◆ What you need to do ◆
Please output exactly the lines below, starting at the line that has "Supreme 'Dice' Black Crewneck" and ending at the line that has "Generative AI", both included; leave out all pictures and include nothing else.

◆ Data to examine ◆
++++++

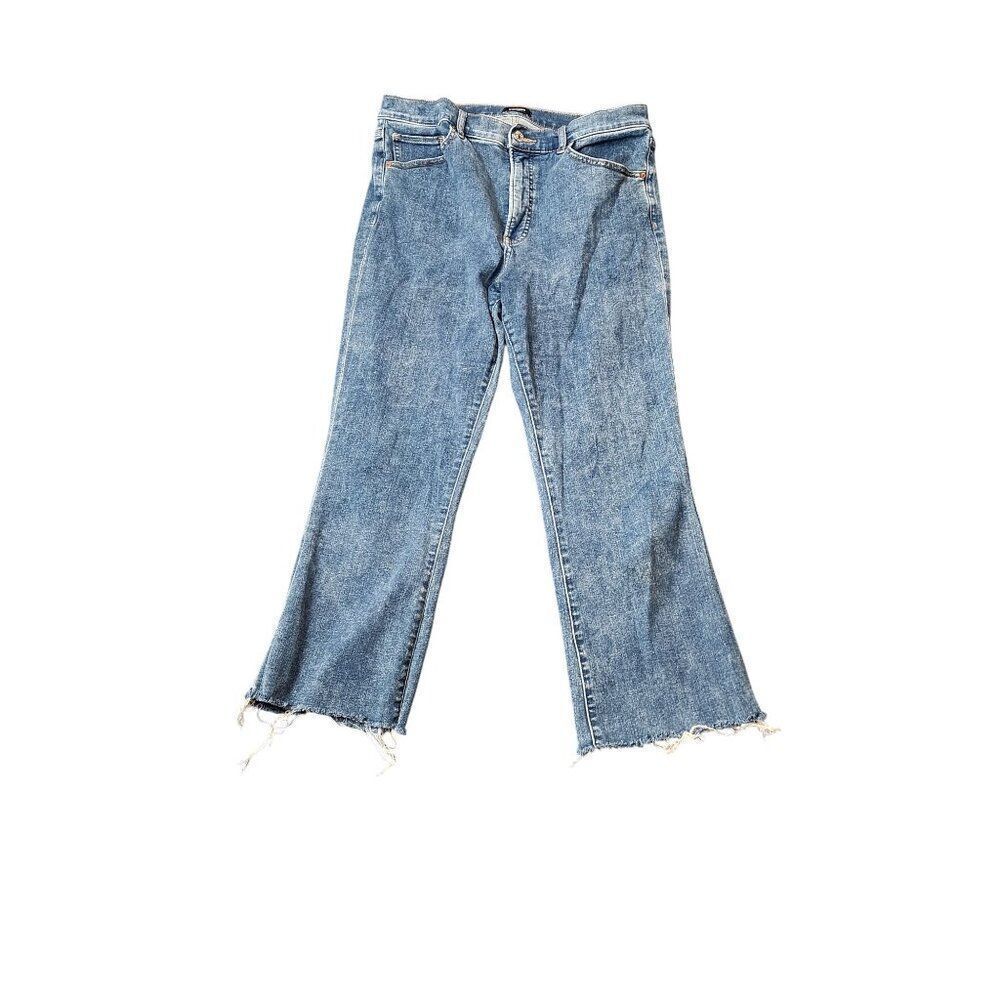 Express High Rise Cropped Flare Women's Size 12   4-Way Hyper Stretch Jeans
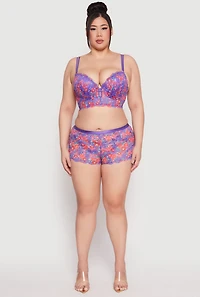 Womens Plus Lace Floral Print Boyshort Panty, Purple,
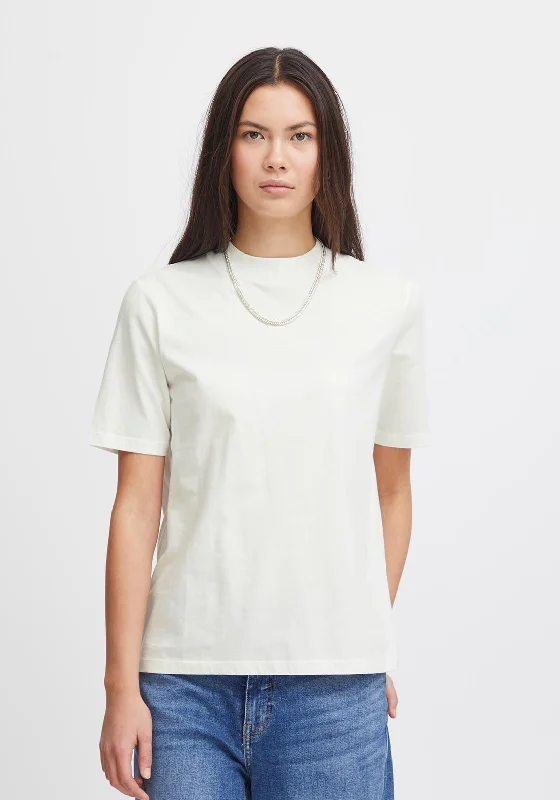 Sports Casual Style Ichi Rania Crew Neck Basic Tee, Cloud Dancer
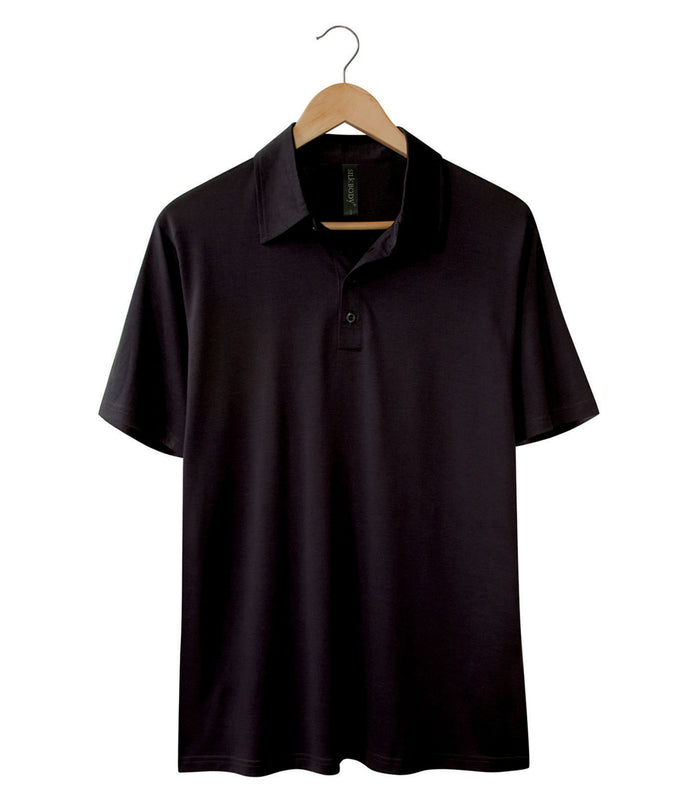 Silkspun Short Sleeve Polo Shirt in Black
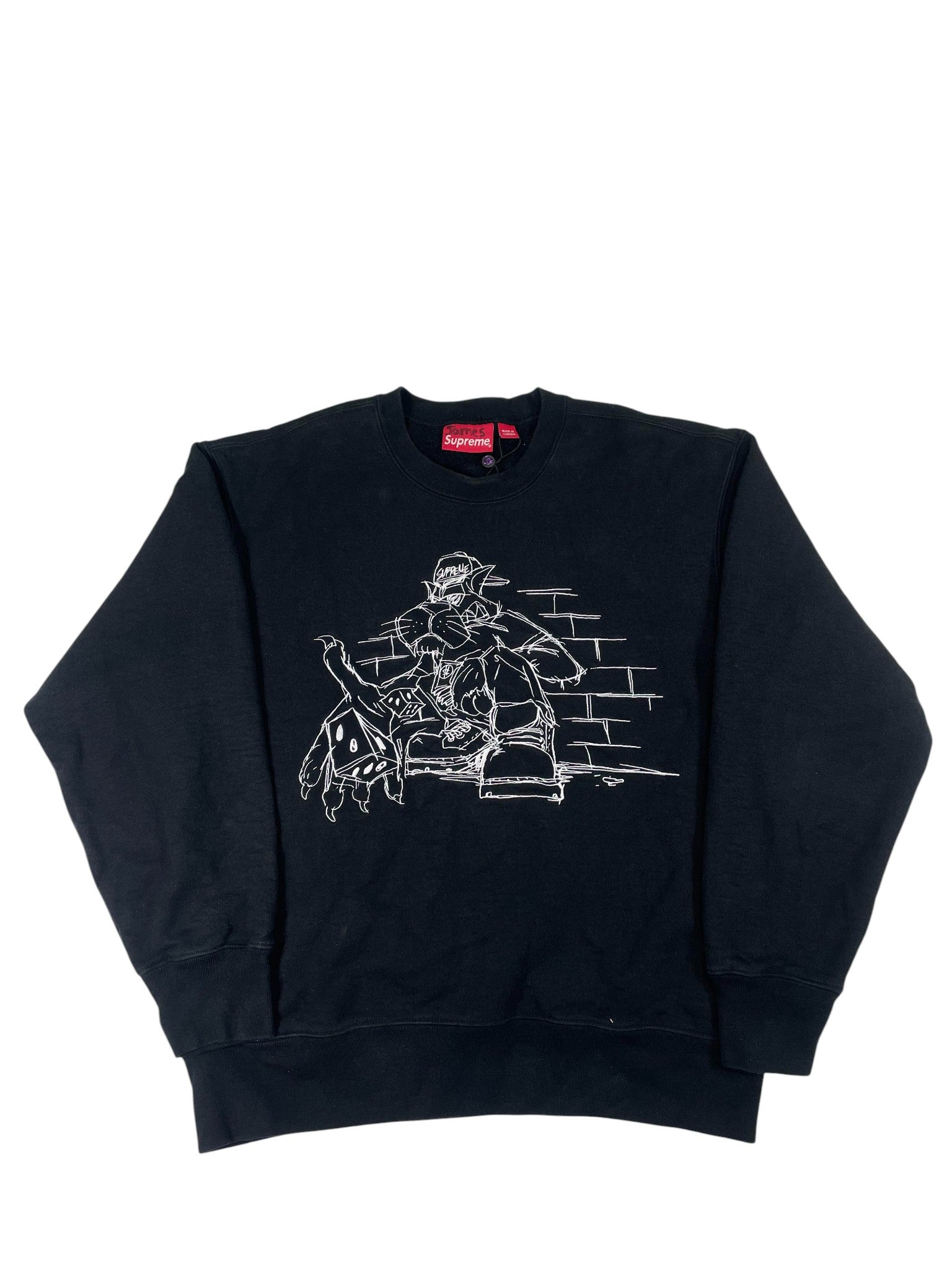 Supreme 'Dice' Black Crewneck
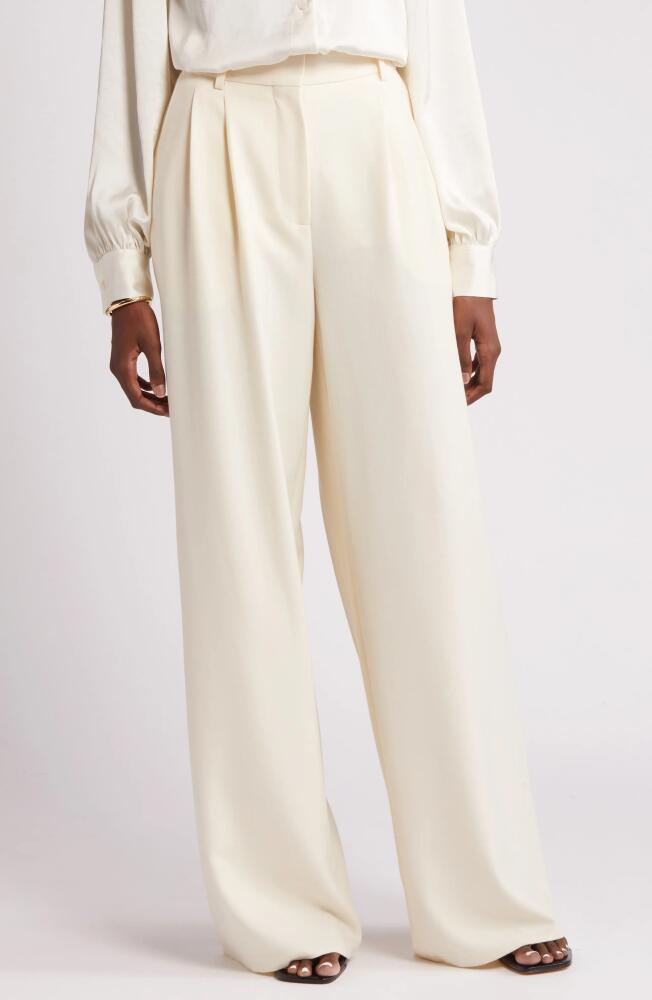 Nordstrom Double Pleat Wide Leg Pants in Ivory Birch Cover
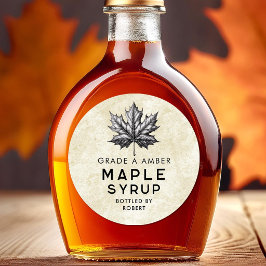 Esdoornsiroop inmaaklabel met blad ronde sticker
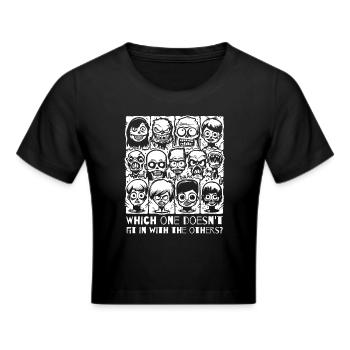 Welke freak past niet in dit plaatje? Een quiz - Cropped T-Shirt - zwart - Voor - Marisol (170cm)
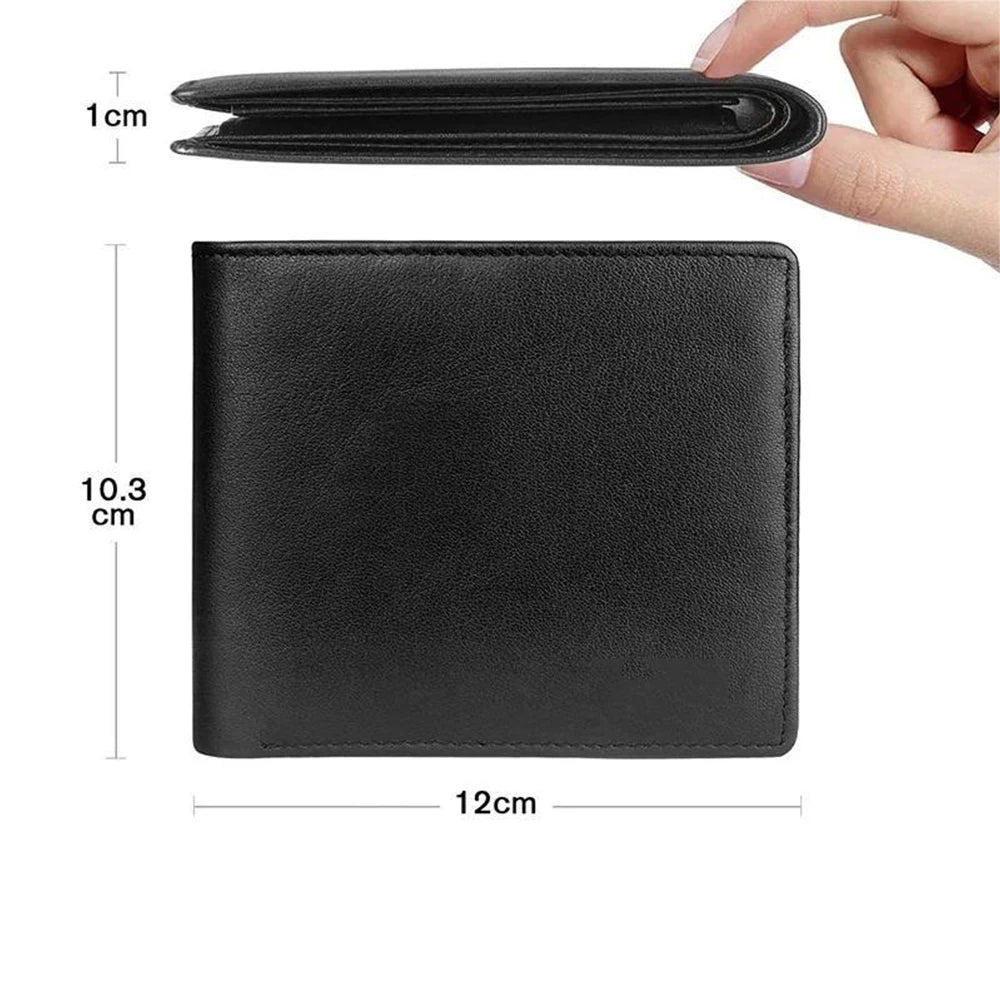 Customized name 100% genuine cowhide leather wallet, RFID barrier ultra-thin three-in-one men's wallet, anti-theft wallet
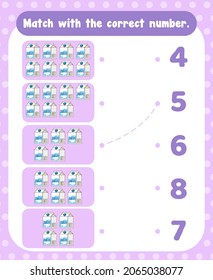 Count and match numbers math worksheet template illustration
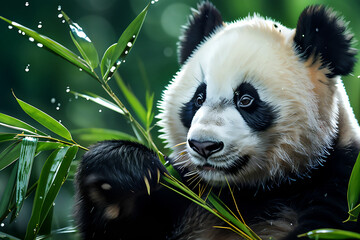 Panda bear eating bamboo.
Generative AI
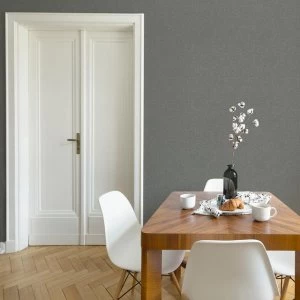 Fresco Dark Grey Fresca Plain Textured Wallpaper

++++++

◆ Solution ◆
 Supreme 'Dice' Black Crewneck
 Nordstrom Double Pleat Wide Leg Pants in Ivory Birch Cover
 Esdoornsiroop inmaaklabel met blad ronde sticker
 Welke freak past niet in dit plaatje? Een quiz - Cropped T-Shirt - zwart - Voor - Marisol (170cm)
 Customized name 100% genuine cowhide leather wallet, RFID barrier ultra-thin three-in-one men's wallet, anti-theft wallet
 Count and match numbers math worksheet template illustration
 Panda bear eating bamboo.
Generative AI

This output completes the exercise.